Short text fragments from websites

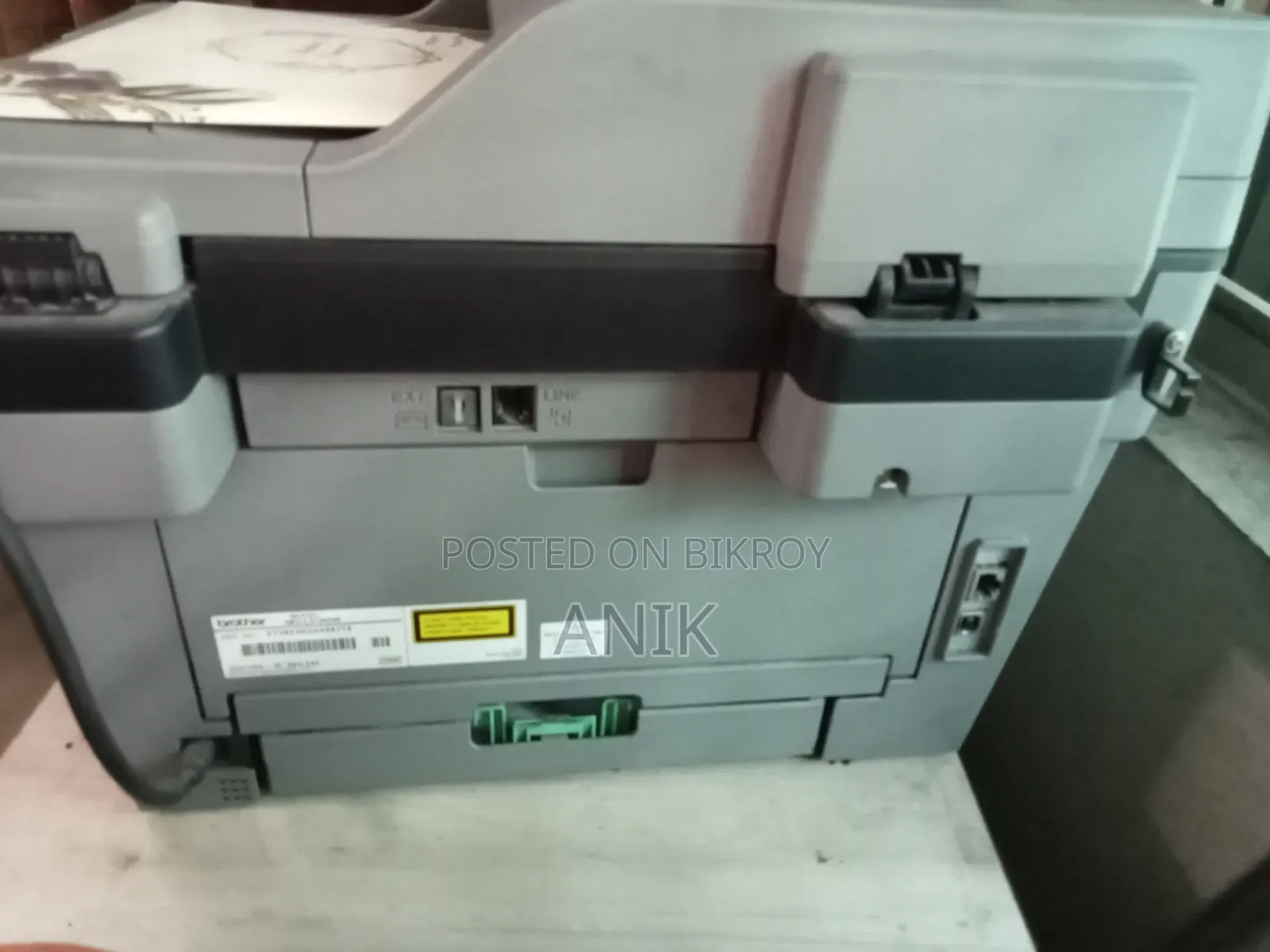 Brother Multifunctional Printer
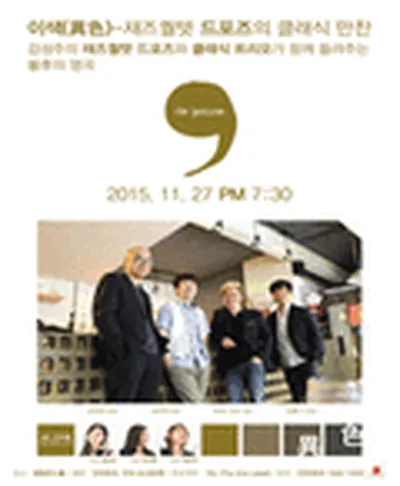 이색 - 감성주의 재즈퀄텟 드포즈 연주회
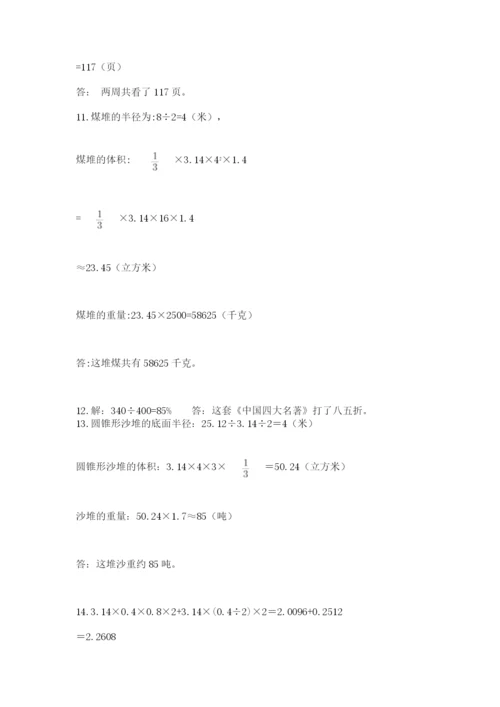 六年级小升初数学应用题50道及参考答案【黄金题型】.docx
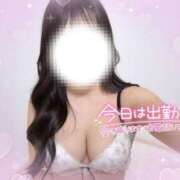 ヒメ日記 2025/01/27 15:42 投稿 あいり プラチナ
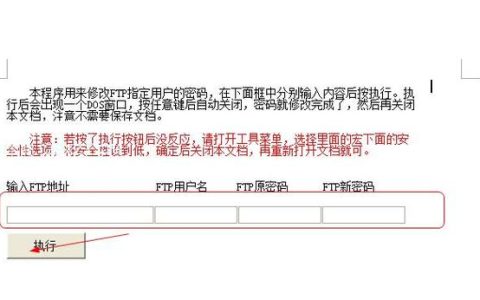 如何安全地设置和修改FTP服务器的密码？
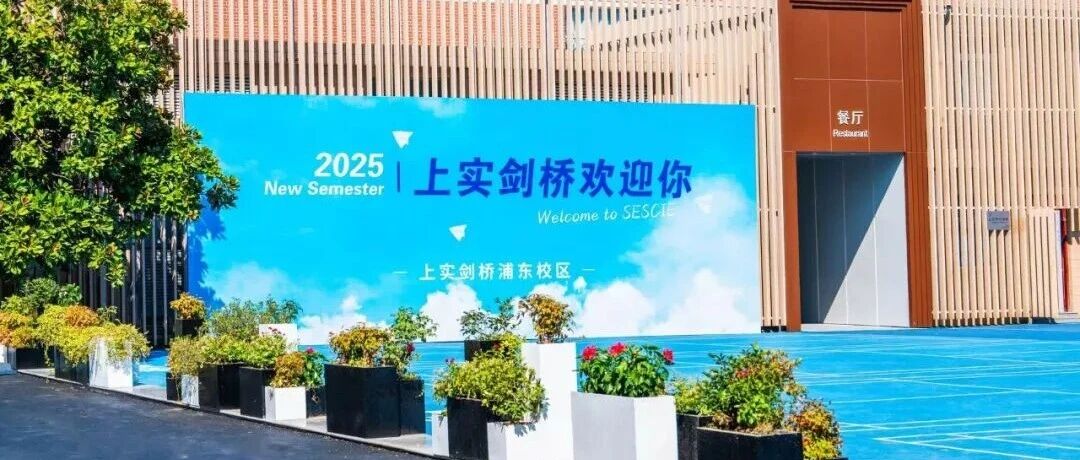 上实剑桥国际高中部2026年预录取报名通知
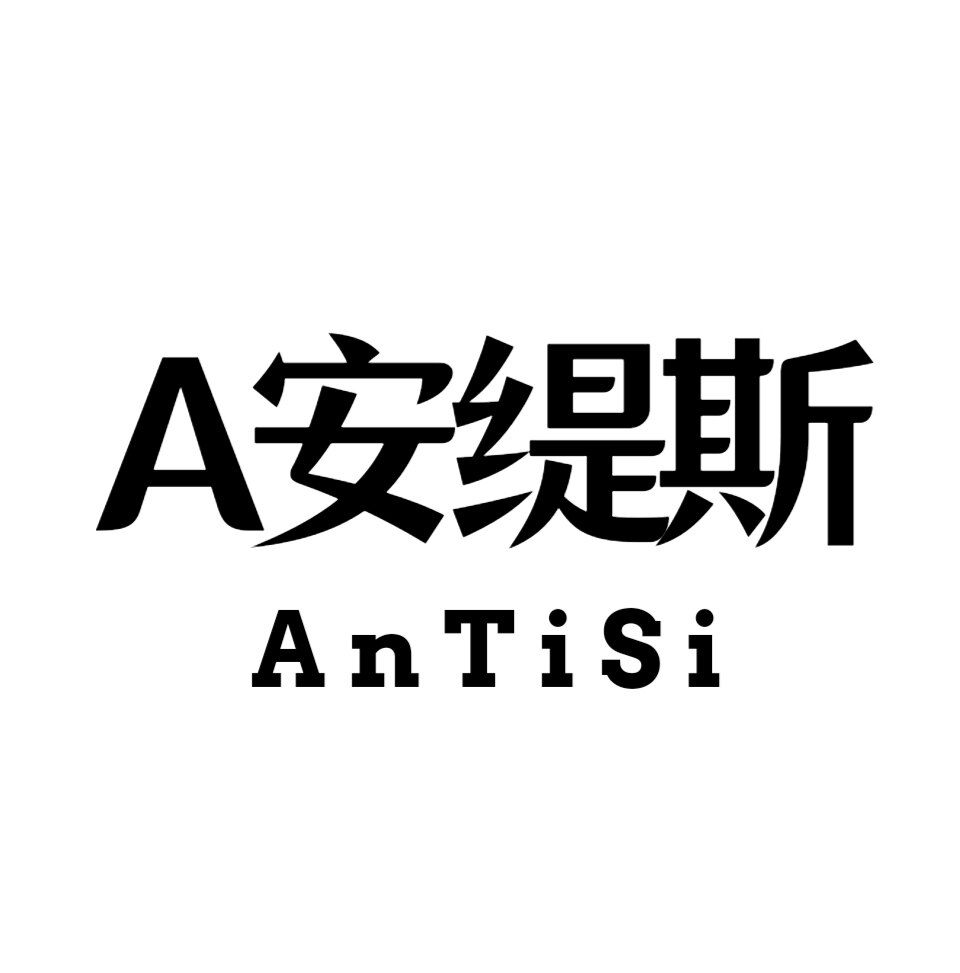 安缇斯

| WHAT THE TASK REQUIRES |
Omit the pictures, then give all the lines above again exactly.

| COMPLETED TASK |
 Brother Multifunctional Printer
 이색 - 감성주의 재즈퀄텟 드포즈 연주회
 六年级小升初数学应用题50道及参考答案【黄金题型】.docx
 ヒメ日記 2025/01/27 15:42 投稿 あいり プラチナ
 如何安全地设置和修改FTP服务器的密码？
 上实剑桥国际高中部2026年预录取报名通知
 安缇斯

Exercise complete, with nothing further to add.